- Prompt
Take the lines from the one with "Desktop Screenshot of" through the last line of the material below and write them out exactly, without any pictures.

- Information shown
※

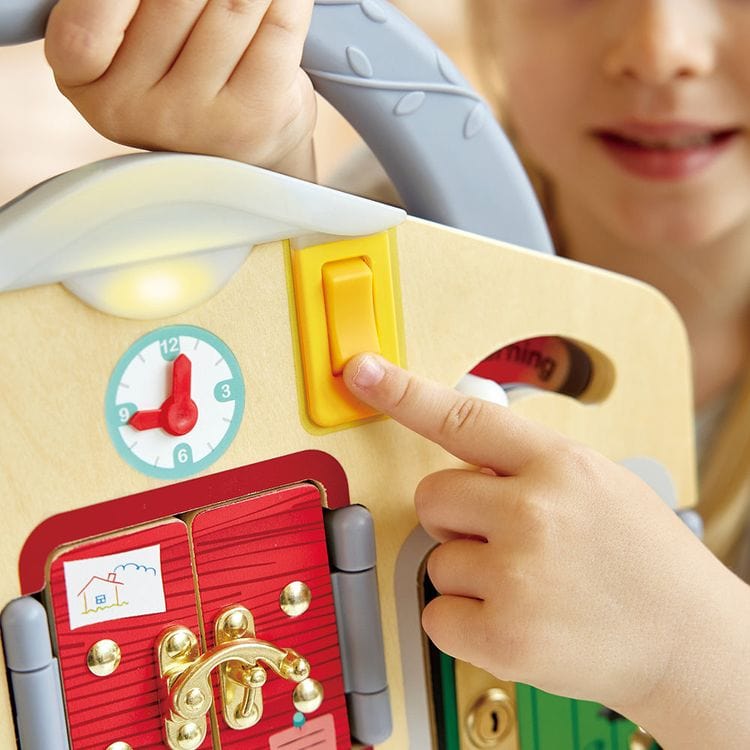 Lock & Learn Playboard - Image 3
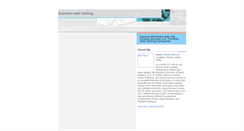 Desktop Screenshot of free-business-hosting-and-websites.blogspot.com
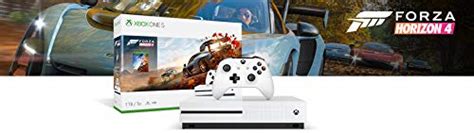 Xbox One S 1tb Console Forza Horizon 4 Bundle Digital Market News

※

- Exercise answer
 Desktop Screenshot of free-business-hosting-and-websites.blogspot.com
 Xbox One S 1tb Console Forza Horizon 4 Bundle Digital Market News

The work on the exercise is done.